先週建設不動産のnoteを書いていた時は12月とはいえ、まだ本格的な年末感ってものはあまりなかったような気がするんですが、遂に12月も中旬ということで、そろそろちゃんと年末感出てきてるんじゃないでしょうか

たまたま、土曜日に我が家で仲のいい友達というか先輩というかと宅飲みをしまして「今年どうだった?」的な話をちらっとしまして、「あー、遂にこの話題が出るってことは本格的に年末なんだなぁ」と思いました。

そろそろ場合によっては、「良いお年を」的なご挨拶のタイミングになってきてるのかもしれないですね。

今週からちらほらと忘年会的な食事会も少し増えるので、より年末感が増してきそうです。

さて、今週ですが、サムネ画像にも出した通りでTechstars祭りでございます。
Techstars Workforce Development Acceleratorという従業員向けの福利厚生やスキルアップ、リスキリングなど労働市場の課題解決やニーズにこたえるためのスタートアップ向けプログラムがあるようで、それが11月にスタートアしています。

その関係でTechstars Workforce Development Acceleratorから調達をした企業が今月の調達の半分を占めるという結果になっています。
後ほど、今回も3社のスタートアップをご紹介するのですが、そのうち2社はTechstarsからの調達企業になります。

今週以降の予定は下記のとおりです。

12月12日:教育@US
12月19日:ヘルスケア@US
12月26日:建設不動産@EU
1月3日:休み
1月9日:休み
1月16日:12月建設不動産@US
1月23日:12月教育@US
1月30日:12月ヘルスケア@US

1月の1回目と2回目はお休みにする予定でございます。

それでは本編に入っていきましょう

11月のサマリー

■対象企業
所在地:アメリカ
対象領域:教育領域
企業ステージ:PreSeed~SeriesA
ファイナンス時期:2022年11月1日~11月30日まで

初めにいつも通り、調達企業数の推移からですが、先週取り上げた建設不動産@US同様に教育領域についても少し増えていて数が少ないのであれですが、一応下半期最高の件数となりました。

ただ冒頭でも書いた通りでこのうち半数がTechstars Workforce Development Acceleratorの参加企業なので、実質このアクセラがなければ今季最低タイだったということになるので喜んでいいのか悲しむべきなのか何とも言えない所です。

ステージ分布で行くとアクセラ参加企業が半数ということもありほとんどPreSeedでSeriesAについては久々になしということになりました。
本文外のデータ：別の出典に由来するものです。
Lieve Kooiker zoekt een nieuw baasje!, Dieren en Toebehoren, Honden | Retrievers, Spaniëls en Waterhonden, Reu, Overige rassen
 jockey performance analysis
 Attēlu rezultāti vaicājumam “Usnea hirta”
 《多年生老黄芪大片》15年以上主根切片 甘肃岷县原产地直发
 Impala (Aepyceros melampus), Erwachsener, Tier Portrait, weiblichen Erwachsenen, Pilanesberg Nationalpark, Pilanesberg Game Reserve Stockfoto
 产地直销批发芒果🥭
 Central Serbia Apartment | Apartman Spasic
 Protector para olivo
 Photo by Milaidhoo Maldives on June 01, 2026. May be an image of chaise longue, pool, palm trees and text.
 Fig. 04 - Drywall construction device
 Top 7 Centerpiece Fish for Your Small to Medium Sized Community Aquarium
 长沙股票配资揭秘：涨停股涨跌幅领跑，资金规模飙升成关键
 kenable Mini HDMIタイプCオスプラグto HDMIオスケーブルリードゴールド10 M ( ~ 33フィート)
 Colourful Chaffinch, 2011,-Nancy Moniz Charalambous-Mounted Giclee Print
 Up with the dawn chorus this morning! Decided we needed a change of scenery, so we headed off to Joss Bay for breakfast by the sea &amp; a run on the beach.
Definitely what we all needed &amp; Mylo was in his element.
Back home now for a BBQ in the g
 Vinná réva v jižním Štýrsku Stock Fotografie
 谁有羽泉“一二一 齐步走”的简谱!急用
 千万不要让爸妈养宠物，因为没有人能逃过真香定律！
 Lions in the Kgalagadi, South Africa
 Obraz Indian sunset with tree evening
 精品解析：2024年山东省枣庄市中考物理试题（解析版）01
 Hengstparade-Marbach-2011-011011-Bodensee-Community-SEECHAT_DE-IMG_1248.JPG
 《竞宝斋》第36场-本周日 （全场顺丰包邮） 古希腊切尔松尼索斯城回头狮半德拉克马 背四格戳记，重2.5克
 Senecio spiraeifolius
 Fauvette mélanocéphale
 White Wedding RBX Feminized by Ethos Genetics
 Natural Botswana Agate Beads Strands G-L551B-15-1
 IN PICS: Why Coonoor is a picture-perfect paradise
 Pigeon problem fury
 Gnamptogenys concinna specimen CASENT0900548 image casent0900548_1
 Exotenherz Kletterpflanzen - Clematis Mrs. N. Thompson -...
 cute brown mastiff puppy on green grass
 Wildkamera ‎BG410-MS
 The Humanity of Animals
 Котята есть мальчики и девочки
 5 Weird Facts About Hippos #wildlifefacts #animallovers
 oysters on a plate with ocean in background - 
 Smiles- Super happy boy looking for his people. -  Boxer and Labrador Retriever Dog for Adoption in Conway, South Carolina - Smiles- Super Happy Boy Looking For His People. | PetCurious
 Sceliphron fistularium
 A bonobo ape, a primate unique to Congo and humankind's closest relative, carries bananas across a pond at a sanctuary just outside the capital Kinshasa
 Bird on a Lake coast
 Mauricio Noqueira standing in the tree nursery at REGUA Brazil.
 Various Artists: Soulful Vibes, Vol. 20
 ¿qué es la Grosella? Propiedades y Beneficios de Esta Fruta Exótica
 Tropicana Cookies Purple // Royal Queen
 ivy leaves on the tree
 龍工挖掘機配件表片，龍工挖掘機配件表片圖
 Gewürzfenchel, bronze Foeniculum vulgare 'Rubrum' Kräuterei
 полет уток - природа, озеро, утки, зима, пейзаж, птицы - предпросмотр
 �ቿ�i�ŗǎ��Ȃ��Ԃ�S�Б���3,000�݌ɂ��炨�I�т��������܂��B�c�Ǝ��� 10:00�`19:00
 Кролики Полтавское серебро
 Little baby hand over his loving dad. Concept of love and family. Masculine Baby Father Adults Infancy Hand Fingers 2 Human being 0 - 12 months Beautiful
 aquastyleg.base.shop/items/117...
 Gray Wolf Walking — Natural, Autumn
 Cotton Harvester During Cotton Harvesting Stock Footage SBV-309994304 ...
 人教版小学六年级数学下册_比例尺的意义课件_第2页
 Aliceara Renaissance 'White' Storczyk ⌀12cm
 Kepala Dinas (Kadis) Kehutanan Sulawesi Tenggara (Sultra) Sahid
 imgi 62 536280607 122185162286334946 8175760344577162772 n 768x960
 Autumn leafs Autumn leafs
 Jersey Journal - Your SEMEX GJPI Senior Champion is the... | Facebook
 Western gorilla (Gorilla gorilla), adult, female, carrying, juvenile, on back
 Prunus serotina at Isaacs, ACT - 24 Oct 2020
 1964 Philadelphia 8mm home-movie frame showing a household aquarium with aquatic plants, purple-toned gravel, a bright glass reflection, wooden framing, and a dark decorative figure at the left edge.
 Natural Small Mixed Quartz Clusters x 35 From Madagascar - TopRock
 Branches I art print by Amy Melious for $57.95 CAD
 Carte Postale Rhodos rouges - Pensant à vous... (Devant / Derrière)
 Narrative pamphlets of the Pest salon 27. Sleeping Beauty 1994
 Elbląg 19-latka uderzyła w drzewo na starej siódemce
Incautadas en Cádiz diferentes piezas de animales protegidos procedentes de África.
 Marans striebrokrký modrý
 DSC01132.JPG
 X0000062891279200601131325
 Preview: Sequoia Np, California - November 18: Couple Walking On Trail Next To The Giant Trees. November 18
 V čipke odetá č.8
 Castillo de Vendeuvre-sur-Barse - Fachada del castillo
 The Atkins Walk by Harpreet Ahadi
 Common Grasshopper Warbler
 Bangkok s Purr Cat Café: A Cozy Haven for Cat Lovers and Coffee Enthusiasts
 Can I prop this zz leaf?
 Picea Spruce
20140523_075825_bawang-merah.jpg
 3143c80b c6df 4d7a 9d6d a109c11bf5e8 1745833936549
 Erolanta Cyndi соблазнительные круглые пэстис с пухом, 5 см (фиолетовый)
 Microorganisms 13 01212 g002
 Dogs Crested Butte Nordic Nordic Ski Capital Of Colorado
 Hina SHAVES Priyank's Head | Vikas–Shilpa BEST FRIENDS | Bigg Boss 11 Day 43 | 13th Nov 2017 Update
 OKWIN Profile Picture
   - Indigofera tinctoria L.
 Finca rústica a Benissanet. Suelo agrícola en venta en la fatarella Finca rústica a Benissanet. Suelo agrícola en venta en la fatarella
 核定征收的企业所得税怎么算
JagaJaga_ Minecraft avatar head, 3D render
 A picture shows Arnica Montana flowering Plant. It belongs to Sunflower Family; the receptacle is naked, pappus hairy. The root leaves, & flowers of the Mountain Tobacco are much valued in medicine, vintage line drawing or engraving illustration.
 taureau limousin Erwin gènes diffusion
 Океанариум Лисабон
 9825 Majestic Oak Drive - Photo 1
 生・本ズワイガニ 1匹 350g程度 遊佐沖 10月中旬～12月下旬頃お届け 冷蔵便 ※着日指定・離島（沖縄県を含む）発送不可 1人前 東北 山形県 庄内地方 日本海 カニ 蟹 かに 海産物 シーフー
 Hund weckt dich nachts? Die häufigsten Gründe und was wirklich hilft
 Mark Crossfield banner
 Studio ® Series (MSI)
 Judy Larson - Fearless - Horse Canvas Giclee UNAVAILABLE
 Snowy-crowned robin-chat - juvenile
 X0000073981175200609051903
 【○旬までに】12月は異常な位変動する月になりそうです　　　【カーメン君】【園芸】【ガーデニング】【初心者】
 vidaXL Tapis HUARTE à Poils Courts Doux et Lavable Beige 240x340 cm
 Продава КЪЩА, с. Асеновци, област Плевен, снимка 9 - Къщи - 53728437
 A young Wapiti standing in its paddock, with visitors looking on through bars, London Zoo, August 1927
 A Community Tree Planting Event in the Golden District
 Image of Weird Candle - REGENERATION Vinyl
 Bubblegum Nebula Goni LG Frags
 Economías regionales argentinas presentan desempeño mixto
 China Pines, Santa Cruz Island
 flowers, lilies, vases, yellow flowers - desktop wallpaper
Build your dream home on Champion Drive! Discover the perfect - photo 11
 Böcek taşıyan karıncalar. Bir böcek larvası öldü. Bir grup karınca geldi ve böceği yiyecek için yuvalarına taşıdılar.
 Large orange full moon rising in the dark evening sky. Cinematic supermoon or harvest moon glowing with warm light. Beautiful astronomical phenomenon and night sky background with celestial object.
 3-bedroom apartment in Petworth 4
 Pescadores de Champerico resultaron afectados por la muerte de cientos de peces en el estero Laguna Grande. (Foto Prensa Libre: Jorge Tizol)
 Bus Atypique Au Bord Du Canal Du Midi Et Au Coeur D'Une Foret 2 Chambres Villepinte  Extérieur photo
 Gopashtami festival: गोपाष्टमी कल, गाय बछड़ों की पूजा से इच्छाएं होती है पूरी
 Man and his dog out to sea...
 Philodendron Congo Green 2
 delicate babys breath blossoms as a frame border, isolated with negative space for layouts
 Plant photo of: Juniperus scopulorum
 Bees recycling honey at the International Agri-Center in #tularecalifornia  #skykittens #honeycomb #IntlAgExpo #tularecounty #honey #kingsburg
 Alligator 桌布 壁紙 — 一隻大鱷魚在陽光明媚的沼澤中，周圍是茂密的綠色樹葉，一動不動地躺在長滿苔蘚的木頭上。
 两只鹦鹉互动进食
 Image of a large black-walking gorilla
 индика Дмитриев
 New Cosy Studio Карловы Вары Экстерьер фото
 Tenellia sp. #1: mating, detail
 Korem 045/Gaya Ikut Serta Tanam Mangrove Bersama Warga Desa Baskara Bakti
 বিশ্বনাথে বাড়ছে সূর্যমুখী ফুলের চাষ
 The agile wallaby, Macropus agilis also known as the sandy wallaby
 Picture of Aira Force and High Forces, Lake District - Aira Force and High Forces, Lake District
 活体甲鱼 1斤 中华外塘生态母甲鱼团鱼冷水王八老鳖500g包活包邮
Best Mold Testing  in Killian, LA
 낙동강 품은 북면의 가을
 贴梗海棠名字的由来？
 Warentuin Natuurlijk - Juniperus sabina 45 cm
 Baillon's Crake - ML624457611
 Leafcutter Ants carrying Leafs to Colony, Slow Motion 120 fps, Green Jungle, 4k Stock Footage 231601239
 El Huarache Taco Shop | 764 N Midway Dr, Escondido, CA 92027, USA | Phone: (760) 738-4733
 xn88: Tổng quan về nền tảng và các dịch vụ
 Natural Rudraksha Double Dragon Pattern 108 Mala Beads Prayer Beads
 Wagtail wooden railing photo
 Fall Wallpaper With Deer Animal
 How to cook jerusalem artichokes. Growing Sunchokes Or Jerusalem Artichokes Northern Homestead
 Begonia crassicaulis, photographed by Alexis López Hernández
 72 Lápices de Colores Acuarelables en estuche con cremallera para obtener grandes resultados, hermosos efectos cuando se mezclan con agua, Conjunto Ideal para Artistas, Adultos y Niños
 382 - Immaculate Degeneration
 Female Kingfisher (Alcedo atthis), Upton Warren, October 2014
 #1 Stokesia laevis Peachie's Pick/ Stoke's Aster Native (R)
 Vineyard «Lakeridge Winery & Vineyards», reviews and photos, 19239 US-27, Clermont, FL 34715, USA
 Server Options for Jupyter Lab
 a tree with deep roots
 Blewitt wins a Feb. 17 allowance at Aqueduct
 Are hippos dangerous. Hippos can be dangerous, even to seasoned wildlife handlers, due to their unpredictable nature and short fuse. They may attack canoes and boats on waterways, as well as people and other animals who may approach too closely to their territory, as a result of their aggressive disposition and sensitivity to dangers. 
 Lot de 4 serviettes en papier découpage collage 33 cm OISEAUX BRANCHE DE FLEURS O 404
カテゴリーの分布を見ると、アクセラの影響もあり、ビジネススキル拡張系系が中心になってますが、教育支援ツールが多くなっているのも今月の特徴かと思います。
個別に取り上げはしないのですが、授業のメモをAIが自動で作成してくれて、資料の読み込みなどにかかる時間を削減し、勉強に割ける時間を増やす手伝いをしてくれるツールなんかもありました。

というわけで、今月の調達企業からは、ビジネススキル拡張系サービス1社と教育支援ツール(広義でのものも含む)2社をご紹介させていただきます。

①【Emerge Career】元受刑者向けスキルアッププログラム

設立:2022年
今回調達金額:$3.2M
調達総額:$3.2M
リード投資家:Seven Seven Six
サービス内容等:
サービスの話の前に投資家の顔ぶれの話なんですが、リードではないですが、このラウンドにYcomが入っていて、数年前に少し話題になっていた非白人系US企業に投資するソフトバンクグループのファンドである「SB Opportunity Fund」も投資家として入っています。

サービスとしては刑務所を出た元受刑者の方に対して仕事を得るために「オンライントレーニング」「実地研修」「職業紹介」を提供しているサービスです。

コースとしては、現状トラック運転手になるコースと製造業向け(溶接系らしい)のコースの2種類が用意されています。

またTech Crunchによると看護助手系のコースも新設される計画があるようでした。

すでにコネチカット州では、実証がなされているようで140人にトラック運転手向けのコースを提供、さらにローンチから3ヶ月間で3つの都市で225万USDの基本合意を締結しているようです。

②【Everprep】試験問題制作プラットフォームと問題DB

設立:2020年
今回調達金額:不明
調達総額:不明
リード投資家:Techstars Workforce Development Accelerator
サービス内容等:
内容を見ている感じ、学校教育向けというよりかは社会人のスキルアップ向けといった印象なのですが、スキルアップのための専門的な試験対策を目指す学習者向けに、演習問題や模擬試験問題を提供するプラットフォームのようなサービスです。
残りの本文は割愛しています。